Reducing the number of features

When a dataset has many features, it can cause problems: slower training, overfitting, and difficulty visualising the data. This note covers techniques to reduce features while keeping the useful information.

Why Reduce Features?

Curse of dimensionality: Models need exponentially more data as features increase
Noise reduction: Irrelevant features add noise
Faster training: Fewer features = faster computation
Better generalisation: Simpler models often perform better on new data
Visualisation: Hard to plot more than 2-3 dimensions

Principal Component Analysis (PCA)

PCA finds new features (called principal components) that are combinations of the original features. These new features capture the most variance in the data using fewer dimensions.

How It Works (Simplified)

Centre the data (subtract the mean)
Find the direction of maximum variance (first principal component)
Find the next direction of maximum variance, perpendicular to the first
Repeat until you have as many components as original features
Keep only the top K components that explain most of the variance

Simple Analogy

Imagine photographing a 3D object. Some angles capture the shape better than others. PCA finds the “best angles” to view your high-dimensional data in fewer dimensions.

Example

from sklearn.decomposition import PCA
from sklearn.preprocessing import StandardScaler

# Always scale before PCA
scaler = StandardScaler()
X_scaled = scaler.fit_transform(X)

# Reduce from many features to 2
pca = PCA(n_components=2)
X_reduced = pca.fit_transform(X_scaled)

# How much variance does each component explain?
print(pca.explained_variance_ratio_)
# [0.72, 0.23] → First two components explain 95% of variance

Choosing the Number of Components

# Keep components that explain 95% of variance
pca = PCA(n_components=0.95)
X_reduced = pca.fit_transform(X_scaled)

print(f"Reduced from {X.shape[1]} to {X_reduced.shape[1]} features")

When to Use PCA

Visualising high-dimensional data
Reducing features before training (speeds up model)
Removing multicollinearity
Noise reduction

Limitations

Components are hard to interpret (they’re combinations of original features)
Assumes linear relationships
Sensitive to scale (always standardise first)
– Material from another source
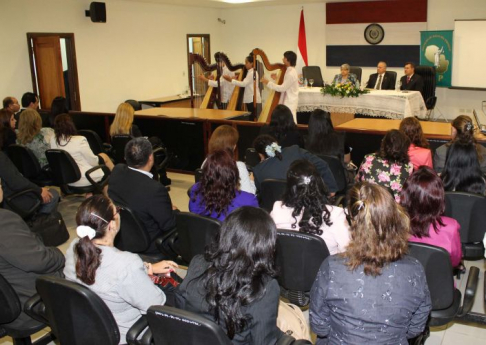 Momento artístico en el marco del acto de Instalación y Sesión del Consejo Nacional de la Asociación de Jueces del Paraguay.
Determining Feature Importance

Before removing features, figure out which ones matter.

Correlation Analysis

Check how strongly each feature correlates with the target.

import pandas as pd

# Correlation with target
correlations = df.corr()['target'].sort_values(ascending=False)
print(correlations)

# Drop features with low correlation
low_correlation_features = correlations[abs(correlations) < 0.1].index
df_reduced = df.drop(columns=low_correlation_features)

Tree-Based Feature Importance

Decision trees and random forests naturally rank features by how useful they are for splitting.

from sklearn.ensemble import RandomForestClassifier

model = RandomForestClassifier()
model.fit(X, y)

# Get feature importances
importances = pd.Series(model.feature_importances_, index=feature_names)
importances.sort_values(ascending=False).head(10)

Mutual Information

Measures how much knowing a feature tells you about the target. Works for non-linear relationships.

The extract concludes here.